Tool Call Accuracy Scorers
Mastra provides two tool call accuracy scorers for evaluating whether an LLM selects the correct tools from available options:
- Code-based scorer - Deterministic evaluation using exact tool matching
- LLM-based scorer - Semantic evaluation using AI to assess appropriateness
For usage examples, see the Tool Call Accuracy Examples.
Code-Based Tool Call Accuracy Scorer
The createToolCallAccuracyScorerCode()
function from @mastra/evals/scorers/code
provides deterministic binary scoring based on exact tool matching and supports both strict and lenient evaluation modes, as well as tool calling order validation.
Parameters
expectedTool:
strictMode:
expectedToolOrder:
This function returns an instance of the MastraScorer class. See the MastraScorer reference for details on the .run()

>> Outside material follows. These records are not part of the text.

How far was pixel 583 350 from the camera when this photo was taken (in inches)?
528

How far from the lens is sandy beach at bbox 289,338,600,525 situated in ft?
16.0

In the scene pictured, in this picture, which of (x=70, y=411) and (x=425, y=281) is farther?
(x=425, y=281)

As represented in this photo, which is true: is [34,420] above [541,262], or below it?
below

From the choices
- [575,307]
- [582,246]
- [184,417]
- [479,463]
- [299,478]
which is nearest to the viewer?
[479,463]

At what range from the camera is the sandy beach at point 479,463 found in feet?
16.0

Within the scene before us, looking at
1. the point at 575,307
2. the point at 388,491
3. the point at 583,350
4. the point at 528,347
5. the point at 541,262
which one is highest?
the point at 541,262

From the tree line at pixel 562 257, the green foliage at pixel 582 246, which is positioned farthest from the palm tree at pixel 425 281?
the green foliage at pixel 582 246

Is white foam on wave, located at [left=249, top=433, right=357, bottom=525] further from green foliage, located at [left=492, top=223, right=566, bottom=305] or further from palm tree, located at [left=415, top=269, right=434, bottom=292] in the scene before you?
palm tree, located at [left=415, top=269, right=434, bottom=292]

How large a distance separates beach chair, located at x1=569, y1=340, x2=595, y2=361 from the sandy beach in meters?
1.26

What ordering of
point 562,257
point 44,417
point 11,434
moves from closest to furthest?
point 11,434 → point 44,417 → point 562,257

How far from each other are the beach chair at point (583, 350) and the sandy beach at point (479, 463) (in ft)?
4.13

method and its input/output.
Evaluation Modes
The code-based scorer operates in two distinct modes:
Single Tool Mode
When expectedToolOrder
is not provided, the scorer evaluates single tool selection:
- Standard Mode (strictMode: false): Returns
1
if the expected tool is called, regardless of other tools - Strict Mode (strictMode: true): Returns
1
only if exactly one tool is called and it matches the expected tool
Order Checking Mode
When expectedToolOrder
is provided, the scorer validates tool calling sequence:
- Strict Order (strictMode: true): Tools must be called in exactly the specified order with no extra tools
- Flexible Order (strictMode: false): Expected tools must appear in correct relative order (extra tools allowed)
Examples
import { createToolCallAccuracyScorerCode } from '@mastra/evals/scorers/code';
// Single tool validation
const scorer = createToolCallAccuracyScorerCode({
expectedTool: 'weather-tool'
});
// Strict single tool (no other tools allowed)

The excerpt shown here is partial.